L’incendio ha coinvolto un edificio di circa 5.000 metri quadrati, occupato da diversi magazzini di pelletteria contenenti sia pellami destinati alla lavorazione sia prodotti finiti. Dal rogo si è sviluppata una densa colonna di fumo nero che, sulla base delle condizioni meteorologiche rilevate, ha mantenuto inizialmente un andamento verticale per poi spostarsi lentamente nella direzione del vento prevalente.
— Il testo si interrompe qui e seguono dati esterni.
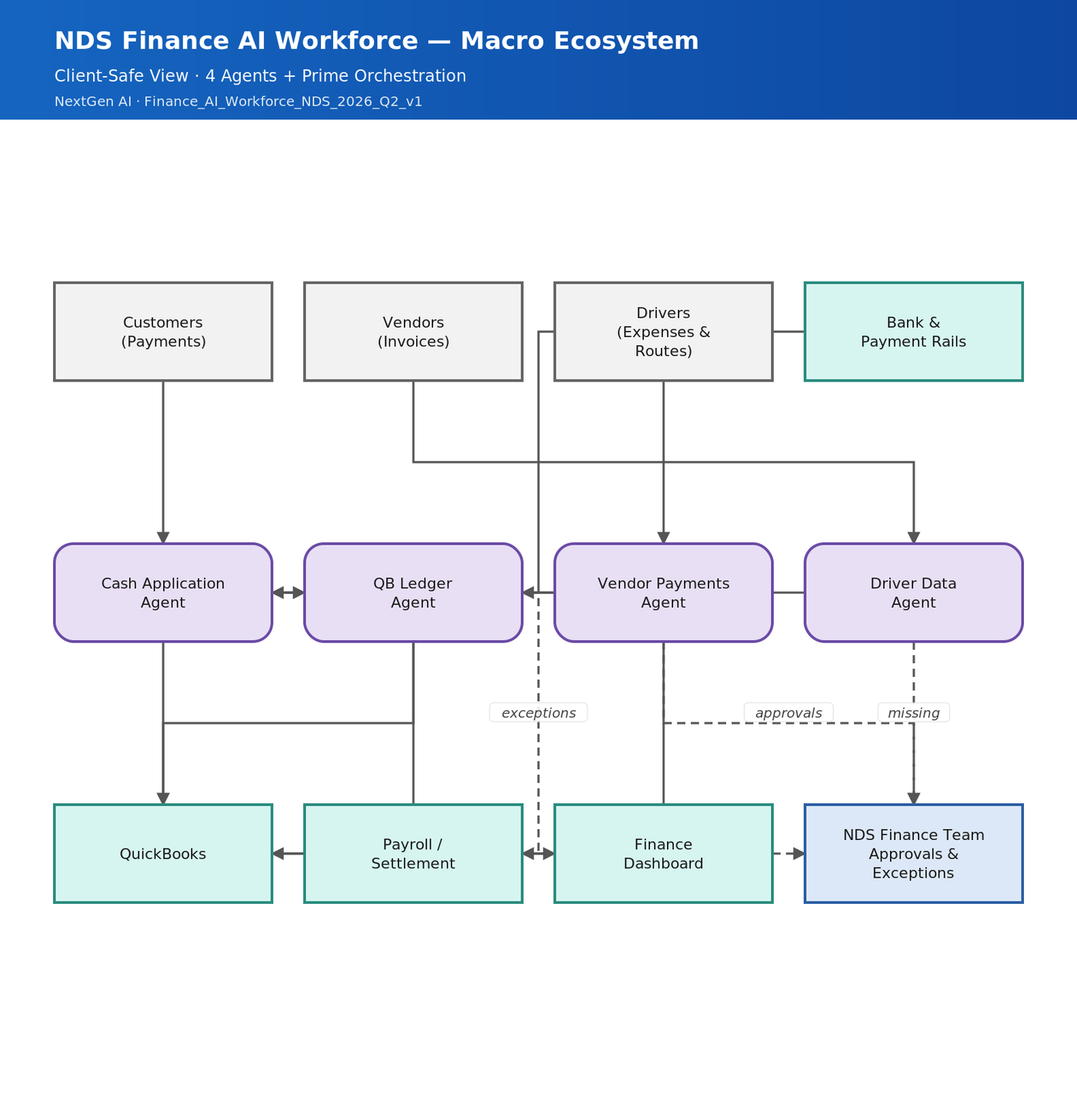 Sanitized macro ecosystem diagram for NDS Logistics workflow.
La valutazione tecnica evidenzia che, pur potendo i materiali coinvolti nell’incendio generare fumi contenenti sostanze irritanti e microinquinanti, la rapida risalita della colonna di fumo limita l’interessamento delle aree al suolo nelle immediate vicinanze dell’incendio. Le eventuali ricadute di polveri sono ritenute prevalentemente circoscritte entro i primi 300 metri dal luogo del rogo, lungo la direttrice sud-sud-est.

Approfondimenti

Le aree interessate sono prevalentemente occupate da attività produttive e commerciali su superfici pavimentate, mentre le prime aree coltivate si trovano a circa 700 metri dal luogo dell’incendio. Per questo motivo non è stata ravvisata la necessità di adottare ordinanze precauzionali riguardanti le coltivazioni alimentari né di effettuare campionamenti di vegetali o di altre matrici ambientali.

A titolo precauzionale ARPAT e ASL raccomandano comunque di evitare di sostare all’aperto nelle aree eventualmente interessate dal passaggio dei fumi e, limitatamente al periodo in cui tali aree risultino raggiunte dalla nube, di interrompere il funzionamento degli impianti di ventilazione meccanica che immettono aria dall’esterno.